Model evaluation on experimental XRD data

To further evaluate the practical applicability and robustness of the proposed model on real experimental data, we retrieved “perovskite” labeled XRD patterns from the RRUFF database under the ABX₃ configuration (Supplementary Table 3). These spectra were never seen during training or validation, providing a test of generalization. On this external dataset, our classifier achieved 0.75 accuracy, underscoring its practical applicability.
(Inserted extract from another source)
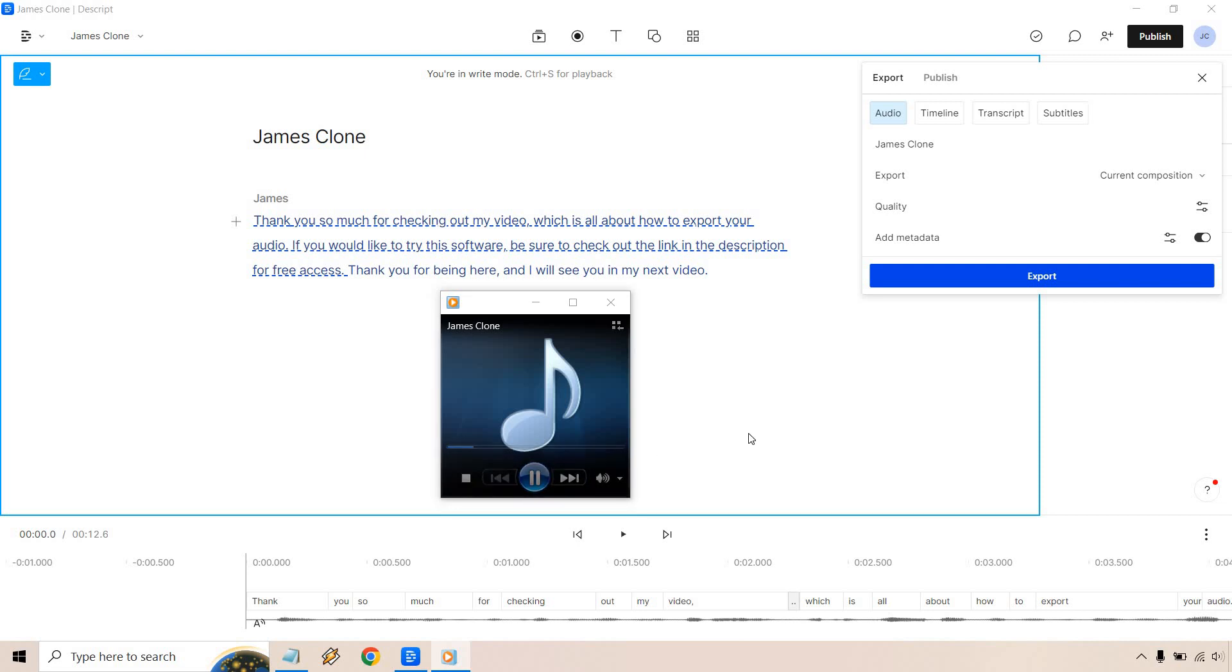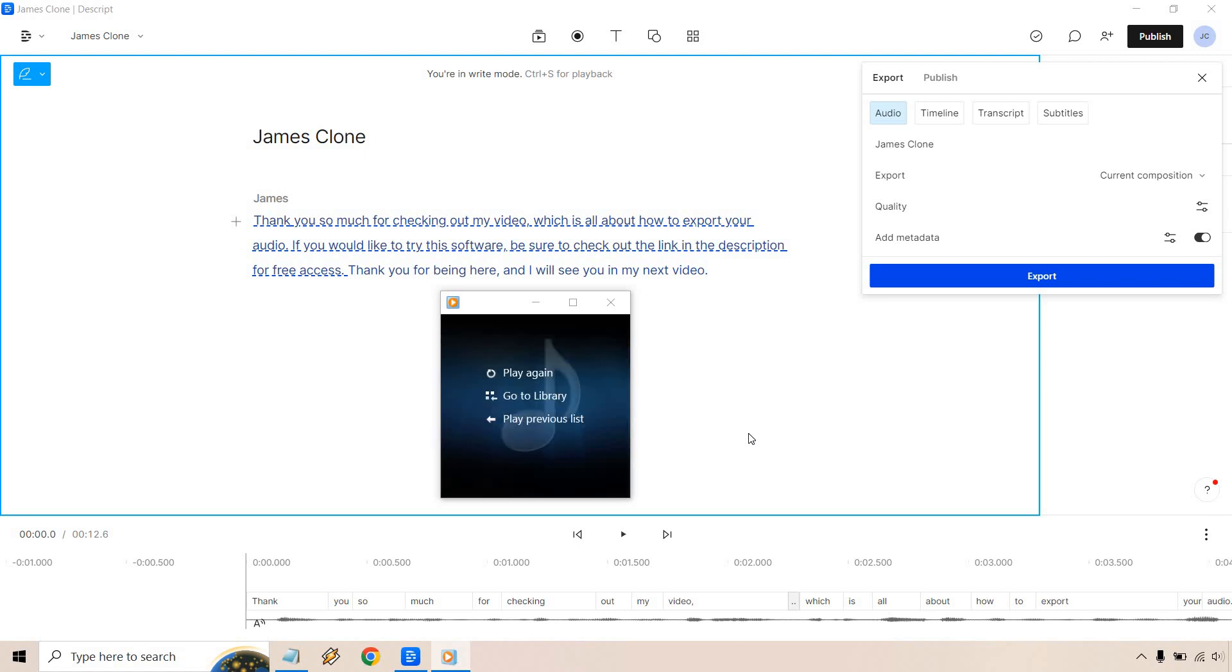Thank you so much for checking out my video which is all about how to export your audio. If you would like to try this software be sure to check out the link in the description for free access. Thank you for being here and I will see you in my next video.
We then investigated the sole misclassification—sample R050456—which exhibited pronounced structural and spectral anomalies. Specifically, although R050456 shares the same chemical formula and space group as standard CaTiO₃, its structure was determined at high temperature (T = 1373 K). As Liebermann’s high-temperature studies⁴³ show, CaTiO₃’s orthorhombic distortion relaxes with heat: Ti-O-Ti bond angles approach 180° and atomic coordinates shift toward those of an ideal cubic phase, driving a continuous transition to a pseudo-tetragonal or cubic polymorph. These systematic high-temperature structural changes are reflected not only in crystallographic parameters at the atomic scale, but also directly influence multiple features of the XRD pattern. We computed both Euclidean and cosine distance matrices (Supplementary Tables 4 and 5). In terms of XRD characteristics, the pattern of R050456 is distinctly separated from other samples in the feature space. Both Euclidean distance and cosine distance matrix analyses show that the distance between R050456 and the other samples is much greater than that among the other samples. Its diffraction pattern exhibits pronounced anomalies in relative intensity distribution, peak morphology, and key reflection positions. For instance, the intensity ratios of characteristic peaks—such as (112) versus (200)—are inverted or abnormally amplified, and the splitting of principal reflections is significantly weakened or even absent, reflecting reduced octahedral distortion and enhanced high-temperature dynamics. Although crystal structures and their XRD signatures are fundamentally correlated, our TER-generated dataset—restricted to ambient-condition compositional substitutions—never encounters the altered structure-to-spectrum relationships produced by high-temperature phase transitions. As a result, the model fails to learn how these thermal polymorphisms reshape diffraction intensities.

Discussion

This study presents a framework for systematically probing the gaps between virtual and real‐structure spectra and assessing whether TER-generated, physically unstable templates can enhance spectrum-structure learning. By employing the TER method and data synthesis techniques, the dataset was expanded, enhancing the model’s generalization capabilities. Subsequently, the study leveraged deep learning to extract more intricate and detailed information from XRD spectra than conventional methods. Beyond the traditional identification of crystal properties such as space group classification, the study also achieved the classification of crystal structures. This advancement not only accelerated the process of automated crystal analysis but also facilitated the discovery of new materials by unveiling a richer understanding of their structural nuances^44,45,46. Finally, external validation on perovskite XRD patterns from the RRUFF database demonstrated the framework’s practicality and robustness: our model achieved 75% accuracy on previously unseen experimental XRD data.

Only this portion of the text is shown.